→ Task description
Copy out the data that follows exactly, leaving out no line.

→ Data to examine

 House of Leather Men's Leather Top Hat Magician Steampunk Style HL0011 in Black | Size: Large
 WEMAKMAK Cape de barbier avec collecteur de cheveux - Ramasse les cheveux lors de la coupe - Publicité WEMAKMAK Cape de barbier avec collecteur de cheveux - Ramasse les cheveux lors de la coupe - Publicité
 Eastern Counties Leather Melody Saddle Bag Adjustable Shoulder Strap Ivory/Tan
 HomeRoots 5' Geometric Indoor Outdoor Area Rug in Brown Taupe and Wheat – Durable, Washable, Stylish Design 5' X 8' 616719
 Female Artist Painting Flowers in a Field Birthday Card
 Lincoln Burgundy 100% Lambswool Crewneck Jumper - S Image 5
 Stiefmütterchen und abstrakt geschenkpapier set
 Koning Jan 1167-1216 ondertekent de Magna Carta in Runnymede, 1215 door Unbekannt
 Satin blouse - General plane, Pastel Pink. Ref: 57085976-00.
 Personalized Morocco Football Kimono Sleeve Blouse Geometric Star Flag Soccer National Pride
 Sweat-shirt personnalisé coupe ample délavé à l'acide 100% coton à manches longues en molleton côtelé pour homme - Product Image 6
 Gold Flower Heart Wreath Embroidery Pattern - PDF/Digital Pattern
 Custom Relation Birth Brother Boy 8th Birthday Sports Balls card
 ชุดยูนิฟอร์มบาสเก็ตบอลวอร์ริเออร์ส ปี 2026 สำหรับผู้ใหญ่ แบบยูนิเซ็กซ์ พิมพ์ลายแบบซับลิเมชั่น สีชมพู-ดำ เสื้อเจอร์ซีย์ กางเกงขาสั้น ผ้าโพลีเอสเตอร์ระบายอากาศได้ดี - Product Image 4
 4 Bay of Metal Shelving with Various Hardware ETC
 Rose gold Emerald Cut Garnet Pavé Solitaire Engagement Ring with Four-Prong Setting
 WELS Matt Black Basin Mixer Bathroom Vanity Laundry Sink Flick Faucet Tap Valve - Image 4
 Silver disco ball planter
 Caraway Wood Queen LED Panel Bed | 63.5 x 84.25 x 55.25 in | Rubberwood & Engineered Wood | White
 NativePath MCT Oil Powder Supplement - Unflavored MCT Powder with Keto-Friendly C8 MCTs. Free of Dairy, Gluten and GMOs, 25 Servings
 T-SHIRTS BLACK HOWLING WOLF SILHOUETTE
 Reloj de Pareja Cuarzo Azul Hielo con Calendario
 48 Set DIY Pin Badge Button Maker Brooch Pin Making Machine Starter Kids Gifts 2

→ Exercise answer
 House of Leather Men's Leather Top Hat Magician Steampunk Style HL0011 in Black | Size: Large
 WEMAKMAK Cape de barbier avec collecteur de cheveux - Ramasse les cheveux lors de la coupe - Publicité WEMAKMAK Cape de barbier avec collecteur de cheveux - Ramasse les cheveux lors de la coupe - Publicité
 Eastern Counties Leather Melody Saddle Bag Adjustable Shoulder Strap Ivory/Tan
 HomeRoots 5' Geometric Indoor Outdoor Area Rug in Brown Taupe and Wheat – Durable, Washable, Stylish Design 5' X 8' 616719
 Female Artist Painting Flowers in a Field Birthday Card
 Lincoln Burgundy 100% Lambswool Crewneck Jumper - S Image 5
 Stiefmütterchen und abstrakt geschenkpapier set
 Koning Jan 1167-1216 ondertekent de Magna Carta in Runnymede, 1215 door Unbekannt
 Satin blouse - General plane, Pastel Pink. Ref: 57085976-00.
 Personalized Morocco Football Kimono Sleeve Blouse Geometric Star Flag Soccer National Pride
 Sweat-shirt personnalisé coupe ample délavé à l'acide 100% coton à manches longues en molleton côtelé pour homme - Product Image 6
 Gold Flower Heart Wreath Embroidery Pattern - PDF/Digital Pattern
 Custom Relation Birth Brother Boy 8th Birthday Sports Balls card
 ชุดยูนิฟอร์มบาสเก็ตบอลวอร์ริเออร์ส ปี 2026 สำหรับผู้ใหญ่ แบบยูนิเซ็กซ์ พิมพ์ลายแบบซับลิเมชั่น สีชมพู-ดำ เสื้อเจอร์ซีย์ กางเกงขาสั้น ผ้าโพลีเอสเตอร์ระบายอากาศได้ดี - Product Image 4
 4 Bay of Metal Shelving with Various Hardware ETC
 Rose gold Emerald Cut Garnet Pavé Solitaire Engagement Ring with Four-Prong Setting
 WELS Matt Black Basin Mixer Bathroom Vanity Laundry Sink Flick Faucet Tap Valve - Image 4
 Silver disco ball planter
 Caraway Wood Queen LED Panel Bed | 63.5 x 84.25 x 55.25 in | Rubberwood & Engineered Wood | White
 NativePath MCT Oil Powder Supplement - Unflavored MCT Powder with Keto-Friendly C8 MCTs. Free of Dairy, Gluten and GMOs, 25 Servings
 T-SHIRTS BLACK HOWLING WOLF SILHOUETTE
 Reloj de Pareja Cuarzo Azul Hielo con Calendario
 48 Set DIY Pin Badge Button Maker Brooch Pin Making Machine Starter Kids Gifts 2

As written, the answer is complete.